My thinking about Web search and making the most useful query possible has focused a lot recently on the idea of query-as-cloud-of-topics; instead of thinking about George Washington as a singular search terms you might think of him as a structure encompassing every possible way you can contextually describe George Washington – dentures, cherry trees, his military career, his political endeavors, his slave ownership, etc. Applying any of those contextual elements to a query for George Washington will bring you very different results; we are long past the time when a simple topical Web search would bring you all relevant, credible resources from around the Web.

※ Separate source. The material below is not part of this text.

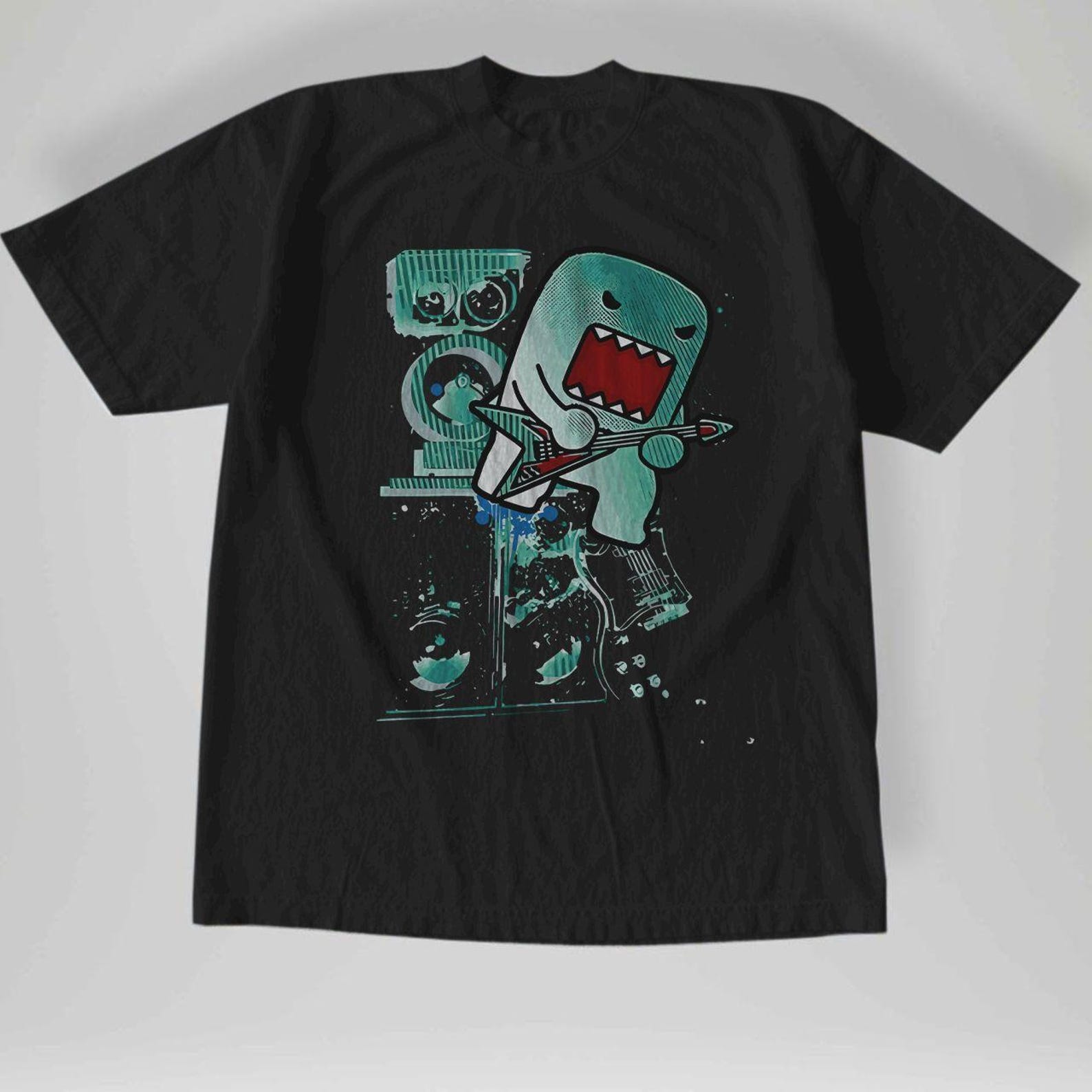 Y2k-inspired Domo Guitar T-shirt XXL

If you can think about George Washington that way it’s an easy step to place Wikipedia articles within the same metaphor; George Washington’s article as a container, all the other articles it links to as the elemental contexts for the topic of George Washington.
So here we are looking at this George Washington bucket filled to the brim with George Washington vibes. But that’s only a partial step to building a good search query; you need some additional filter to choose which topic elements are best applied to you search. So I’ve been experimenting.
Previously I’ve tried to use Wikipedia page views data to introduce a time/public interest element into my search query building, but that was comparing a topic to itself in terms of public interest over time. Instead, here I want to to compare public interest in one of the contextual elements of a topic — one of the intra-wiki links within a Wikipedia article — against public interest in the topic itself. I want to see if the public interest in a topic “resonates” with one of its contextual elements in the form of similar public interest over a given time period. If it does, you could reasonably expect for that topical element to have a major impact on that topic during that time period.
But how to do the comparisons? I didn’t want to just compare spikes or view surges because those might not parallel perfectly. Instead I tried to analyze the page views more three-dimensionally and give them a “signature” that the other page views could be compared to.
It’s been very interesting but I think it will be more interesting when I can compare multiple time periods at once and see how elemental relevance waxes and wanes against a topic over time.